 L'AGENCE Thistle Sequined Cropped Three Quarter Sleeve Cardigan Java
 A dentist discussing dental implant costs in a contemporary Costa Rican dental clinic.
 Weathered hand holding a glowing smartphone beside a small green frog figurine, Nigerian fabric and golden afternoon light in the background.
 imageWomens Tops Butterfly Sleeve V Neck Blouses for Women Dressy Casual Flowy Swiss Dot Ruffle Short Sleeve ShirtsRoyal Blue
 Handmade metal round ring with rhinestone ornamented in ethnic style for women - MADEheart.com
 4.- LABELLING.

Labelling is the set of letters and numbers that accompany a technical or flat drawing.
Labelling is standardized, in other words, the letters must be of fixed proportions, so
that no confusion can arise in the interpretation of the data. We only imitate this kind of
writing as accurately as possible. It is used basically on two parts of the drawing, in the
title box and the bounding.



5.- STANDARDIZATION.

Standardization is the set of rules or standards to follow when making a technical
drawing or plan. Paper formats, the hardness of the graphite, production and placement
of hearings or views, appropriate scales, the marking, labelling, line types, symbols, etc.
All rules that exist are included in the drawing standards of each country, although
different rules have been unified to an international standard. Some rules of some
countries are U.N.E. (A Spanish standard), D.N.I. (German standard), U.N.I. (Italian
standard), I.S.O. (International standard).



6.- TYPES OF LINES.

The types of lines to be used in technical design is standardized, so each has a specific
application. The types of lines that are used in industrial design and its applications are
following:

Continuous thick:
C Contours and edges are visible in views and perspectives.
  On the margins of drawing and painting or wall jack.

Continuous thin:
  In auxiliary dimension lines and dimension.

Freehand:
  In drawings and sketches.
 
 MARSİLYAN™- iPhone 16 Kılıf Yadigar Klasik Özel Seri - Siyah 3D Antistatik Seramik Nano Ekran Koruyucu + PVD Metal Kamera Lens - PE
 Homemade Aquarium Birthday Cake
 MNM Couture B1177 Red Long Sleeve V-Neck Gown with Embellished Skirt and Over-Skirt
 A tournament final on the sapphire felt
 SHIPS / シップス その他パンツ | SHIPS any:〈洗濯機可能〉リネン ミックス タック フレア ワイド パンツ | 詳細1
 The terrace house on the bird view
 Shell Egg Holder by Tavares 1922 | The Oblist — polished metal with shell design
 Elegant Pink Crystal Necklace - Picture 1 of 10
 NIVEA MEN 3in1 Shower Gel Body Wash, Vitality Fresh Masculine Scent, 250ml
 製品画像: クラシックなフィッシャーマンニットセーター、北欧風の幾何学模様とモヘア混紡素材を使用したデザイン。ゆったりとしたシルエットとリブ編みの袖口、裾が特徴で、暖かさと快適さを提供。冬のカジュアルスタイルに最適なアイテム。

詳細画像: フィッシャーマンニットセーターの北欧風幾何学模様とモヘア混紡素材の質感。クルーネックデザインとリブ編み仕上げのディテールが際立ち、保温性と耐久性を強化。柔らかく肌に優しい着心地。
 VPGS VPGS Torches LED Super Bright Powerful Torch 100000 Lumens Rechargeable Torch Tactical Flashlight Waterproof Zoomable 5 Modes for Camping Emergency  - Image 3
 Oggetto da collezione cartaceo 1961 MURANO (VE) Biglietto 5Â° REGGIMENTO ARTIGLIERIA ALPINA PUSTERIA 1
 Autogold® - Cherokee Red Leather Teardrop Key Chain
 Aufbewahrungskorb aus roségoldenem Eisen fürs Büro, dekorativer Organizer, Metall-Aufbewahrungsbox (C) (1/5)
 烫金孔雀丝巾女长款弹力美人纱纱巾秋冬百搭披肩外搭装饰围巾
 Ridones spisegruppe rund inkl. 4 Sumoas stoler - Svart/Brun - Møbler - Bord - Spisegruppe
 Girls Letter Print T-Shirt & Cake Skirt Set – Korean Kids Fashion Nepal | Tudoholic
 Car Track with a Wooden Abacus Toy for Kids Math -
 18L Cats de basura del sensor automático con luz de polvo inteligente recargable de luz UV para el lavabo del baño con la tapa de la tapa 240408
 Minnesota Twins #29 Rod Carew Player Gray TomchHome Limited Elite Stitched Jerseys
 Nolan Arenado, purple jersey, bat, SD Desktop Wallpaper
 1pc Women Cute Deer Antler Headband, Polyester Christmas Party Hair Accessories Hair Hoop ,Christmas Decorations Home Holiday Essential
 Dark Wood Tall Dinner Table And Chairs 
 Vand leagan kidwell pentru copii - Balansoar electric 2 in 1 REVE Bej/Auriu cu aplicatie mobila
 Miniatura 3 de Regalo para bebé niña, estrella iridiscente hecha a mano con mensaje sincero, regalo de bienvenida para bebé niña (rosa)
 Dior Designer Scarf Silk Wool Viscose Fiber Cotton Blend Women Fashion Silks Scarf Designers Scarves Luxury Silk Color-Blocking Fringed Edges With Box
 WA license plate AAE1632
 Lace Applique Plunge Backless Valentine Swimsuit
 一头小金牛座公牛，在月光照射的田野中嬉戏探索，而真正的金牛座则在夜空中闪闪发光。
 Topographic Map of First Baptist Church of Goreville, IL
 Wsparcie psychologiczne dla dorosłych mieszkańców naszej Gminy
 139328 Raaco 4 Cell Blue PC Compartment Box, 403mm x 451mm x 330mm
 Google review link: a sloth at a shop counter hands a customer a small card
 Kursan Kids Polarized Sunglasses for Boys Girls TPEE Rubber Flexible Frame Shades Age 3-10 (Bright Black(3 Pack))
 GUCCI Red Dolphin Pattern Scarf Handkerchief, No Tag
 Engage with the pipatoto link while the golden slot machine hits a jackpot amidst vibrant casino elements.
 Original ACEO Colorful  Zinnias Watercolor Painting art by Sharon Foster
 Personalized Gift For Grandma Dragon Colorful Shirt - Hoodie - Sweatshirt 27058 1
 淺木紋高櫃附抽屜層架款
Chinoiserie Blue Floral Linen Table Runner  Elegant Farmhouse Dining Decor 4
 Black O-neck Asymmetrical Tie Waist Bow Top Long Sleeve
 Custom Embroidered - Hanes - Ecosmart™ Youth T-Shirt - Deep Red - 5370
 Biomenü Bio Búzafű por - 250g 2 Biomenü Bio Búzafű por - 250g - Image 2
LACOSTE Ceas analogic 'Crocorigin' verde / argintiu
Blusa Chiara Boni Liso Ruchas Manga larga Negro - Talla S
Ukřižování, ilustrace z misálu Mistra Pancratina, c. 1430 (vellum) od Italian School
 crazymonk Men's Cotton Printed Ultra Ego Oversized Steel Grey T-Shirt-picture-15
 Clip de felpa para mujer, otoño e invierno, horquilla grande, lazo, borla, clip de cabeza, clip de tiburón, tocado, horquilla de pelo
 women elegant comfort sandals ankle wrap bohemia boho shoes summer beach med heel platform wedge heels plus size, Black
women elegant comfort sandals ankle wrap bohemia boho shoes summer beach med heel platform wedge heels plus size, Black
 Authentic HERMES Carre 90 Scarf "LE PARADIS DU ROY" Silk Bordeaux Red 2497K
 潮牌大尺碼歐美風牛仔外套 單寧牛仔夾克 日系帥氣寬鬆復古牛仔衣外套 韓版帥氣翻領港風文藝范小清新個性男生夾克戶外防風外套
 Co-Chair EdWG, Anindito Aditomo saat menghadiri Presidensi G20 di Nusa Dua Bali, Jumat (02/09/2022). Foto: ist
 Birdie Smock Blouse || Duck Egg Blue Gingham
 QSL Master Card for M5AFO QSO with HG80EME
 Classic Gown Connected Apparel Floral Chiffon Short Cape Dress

....

[WORK ITEM] Could you copy out every record above exactly as it appears?

[OUTPUT FOR THIS TASK]
 L'AGENCE Thistle Sequined Cropped Three Quarter Sleeve Cardigan Java
 A dentist discussing dental implant costs in a contemporary Costa Rican dental clinic.
 Weathered hand holding a glowing smartphone beside a small green frog figurine, Nigerian fabric and golden afternoon light in the background.
 imageWomens Tops Butterfly Sleeve V Neck Blouses for Women Dressy Casual Flowy Swiss Dot Ruffle Short Sleeve ShirtsRoyal Blue
 Handmade metal round ring with rhinestone ornamented in ethnic style for women - MADEheart.com
 4.- LABELLING.

Labelling is the set of letters and numbers that accompany a technical or flat drawing.
Labelling is standardized, in other words, the letters must be of fixed proportions, so
that no confusion can arise in the interpretation of the data. We only imitate this kind of
writing as accurately as possible. It is used basically on two parts of the drawing, in the
title box and the bounding.



5.- STANDARDIZATION.

Standardization is the set of rules or standards to follow when making a technical
drawing or plan. Paper formats, the hardness of the graphite, production and placement
of hearings or views, appropriate scales, the marking, labelling, line types, symbols, etc.
All rules that exist are included in the drawing standards of each country, although
different rules have been unified to an international standard. Some rules of some
countries are U.N.E. (A Spanish standard), D.N.I. (German standard), U.N.I. (Italian
standard), I.S.O. (International standard).



6.- TYPES OF LINES.

The types of lines to be used in technical design is standardized, so each has a specific
application. The types of lines that are used in industrial design and its applications are
following:

Continuous thick:
C Contours and edges are visible in views and perspectives.
  On the margins of drawing and painting or wall jack.

Continuous thin:
  In auxiliary dimension lines and dimension.

Freehand:
  In drawings and sketches.
 
 MARSİLYAN™- iPhone 16 Kılıf Yadigar Klasik Özel Seri - Siyah 3D Antistatik Seramik Nano Ekran Koruyucu + PVD Metal Kamera Lens - PE
 Homemade Aquarium Birthday Cake
 MNM Couture B1177 Red Long Sleeve V-Neck Gown with Embellished Skirt and Over-Skirt
 A tournament final on the sapphire felt
 SHIPS / シップス その他パンツ | SHIPS any:〈洗濯機可能〉リネン ミックス タック フレア ワイド パンツ | 詳細1
 The terrace house on the bird view
 Shell Egg Holder by Tavares 1922 | The Oblist — polished metal with shell design
 Elegant Pink Crystal Necklace - Picture 1 of 10
 NIVEA MEN 3in1 Shower Gel Body Wash, Vitality Fresh Masculine Scent, 250ml
 製品画像: クラシックなフィッシャーマンニットセーター、北欧風の幾何学模様とモヘア混紡素材を使用したデザイン。ゆったりとしたシルエットとリブ編みの袖口、裾が特徴で、暖かさと快適さを提供。冬のカジュアルスタイルに最適なアイテム。

詳細画像: フィッシャーマンニットセーターの北欧風幾何学模様とモヘア混紡素材の質感。クルーネックデザインとリブ編み仕上げのディテールが際立ち、保温性と耐久性を強化。柔らかく肌に優しい着心地。
 VPGS VPGS Torches LED Super Bright Powerful Torch 100000 Lumens Rechargeable Torch Tactical Flashlight Waterproof Zoomable 5 Modes for Camping Emergency  - Image 3
 Oggetto da collezione cartaceo 1961 MURANO (VE) Biglietto 5Â° REGGIMENTO ARTIGLIERIA ALPINA PUSTERIA 1
 Autogold® - Cherokee Red Leather Teardrop Key Chain
 Aufbewahrungskorb aus roségoldenem Eisen fürs Büro, dekorativer Organizer, Metall-Aufbewahrungsbox (C) (1/5)
 烫金孔雀丝巾女长款弹力美人纱纱巾秋冬百搭披肩外搭装饰围巾
 Ridones spisegruppe rund inkl. 4 Sumoas stoler - Svart/Brun - Møbler - Bord - Spisegruppe
 Girls Letter Print T-Shirt & Cake Skirt Set – Korean Kids Fashion Nepal | Tudoholic
 Car Track with a Wooden Abacus Toy for Kids Math -
 18L Cats de basura del sensor automático con luz de polvo inteligente recargable de luz UV para el lavabo del baño con la tapa de la tapa 240408
 Minnesota Twins #29 Rod Carew Player Gray TomchHome Limited Elite Stitched Jerseys
 Nolan Arenado, purple jersey, bat, SD Desktop Wallpaper
 1pc Women Cute Deer Antler Headband, Polyester Christmas Party Hair Accessories Hair Hoop ,Christmas Decorations Home Holiday Essential
 Dark Wood Tall Dinner Table And Chairs 
 Vand leagan kidwell pentru copii - Balansoar electric 2 in 1 REVE Bej/Auriu cu aplicatie mobila
 Miniatura 3 de Regalo para bebé niña, estrella iridiscente hecha a mano con mensaje sincero, regalo de bienvenida para bebé niña (rosa)
 Dior Designer Scarf Silk Wool Viscose Fiber Cotton Blend Women Fashion Silks Scarf Designers Scarves Luxury Silk Color-Blocking Fringed Edges With Box
 WA license plate AAE1632
 Lace Applique Plunge Backless Valentine Swimsuit
 一头小金牛座公牛，在月光照射的田野中嬉戏探索，而真正的金牛座则在夜空中闪闪发光。
 Topographic Map of First Baptist Church of Goreville, IL
 Wsparcie psychologiczne dla dorosłych mieszkańców naszej Gminy
 139328 Raaco 4 Cell Blue PC Compartment Box, 403mm x 451mm x 330mm
 Google review link: a sloth at a shop counter hands a customer a small card
 Kursan Kids Polarized Sunglasses for Boys Girls TPEE Rubber Flexible Frame Shades Age 3-10 (Bright Black(3 Pack))
 GUCCI Red Dolphin Pattern Scarf Handkerchief, No Tag
 Engage with the pipatoto link while the golden slot machine hits a jackpot amidst vibrant casino elements.
 Original ACEO Colorful  Zinnias Watercolor Painting art by Sharon Foster
 Personalized Gift For Grandma Dragon Colorful Shirt - Hoodie - Sweatshirt 27058 1
 淺木紋高櫃附抽屜層架款
Chinoiserie Blue Floral Linen Table Runner  Elegant Farmhouse Dining Decor 4
 Black O-neck Asymmetrical Tie Waist Bow Top Long Sleeve
 Custom Embroidered - Hanes - Ecosmart™ Youth T-Shirt - Deep Red - 5370
 Biomenü Bio Búzafű por - 250g 2 Biomenü Bio Búzafű por - 250g - Image 2
LACOSTE Ceas analogic 'Crocorigin' verde / argintiu
Blusa Chiara Boni Liso Ruchas Manga larga Negro - Talla S
Ukřižování, ilustrace z misálu Mistra Pancratina, c. 1430 (vellum) od Italian School
 crazymonk Men's Cotton Printed Ultra Ego Oversized Steel Grey T-Shirt-picture-15
 Clip de felpa para mujer, otoño e invierno, horquilla grande, lazo, borla, clip de cabeza, clip de tiburón, tocado, horquilla de pelo
 women elegant comfort sandals ankle wrap bohemia boho shoes summer beach med heel platform wedge heels plus size, Black
women elegant comfort sandals ankle wrap bohemia boho shoes summer beach med heel platform wedge heels plus size, Black
 Authentic HERMES Carre 90 Scarf "LE PARADIS DU ROY" Silk Bordeaux Red 2497K
 潮牌大尺碼歐美風牛仔外套 單寧牛仔夾克 日系帥氣寬鬆復古牛仔衣外套 韓版帥氣翻領港風文藝范小清新個性男生夾克戶外防風外套
 Co-Chair EdWG, Anindito Aditomo saat menghadiri Presidensi G20 di Nusa Dua Bali, Jumat (02/09/2022). Foto: ist
 Birdie Smock Blouse || Duck Egg Blue Gingham
 QSL Master Card for M5AFO QSO with HG80EME
 Classic Gown Connected Apparel Floral Chiffon Short Cape Dress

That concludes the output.